**Exercise goal:** In the material below, pictures must be dropped. Repeat exactly, and only, the lines from the line with "Glamouröse Kosmetiktasche von" to the line with "2024 Volkswagen Golf GTI 2.0T S", both ends included.

**Stored data:**
○ ○ ○ ○ ○ ○ ○
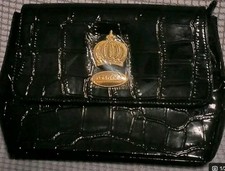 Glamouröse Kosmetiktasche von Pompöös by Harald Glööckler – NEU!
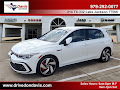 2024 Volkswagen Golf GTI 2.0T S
○ ○ ○ ○ ○ ○ ○
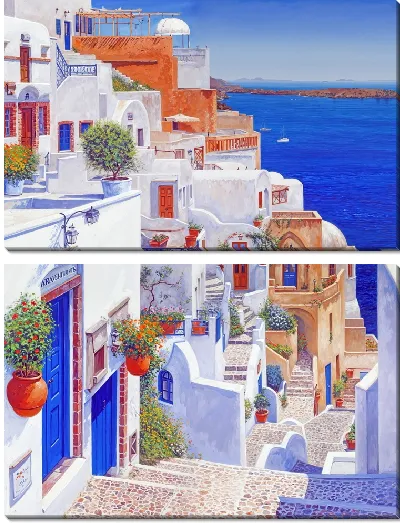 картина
○ ○ ○ ○ ○ ○ ○
**Exercise answer:**
 Glamouröse Kosmetiktasche von Pompöös by Harald Glööckler – NEU!
 2024 Volkswagen Golf GTI 2.0T S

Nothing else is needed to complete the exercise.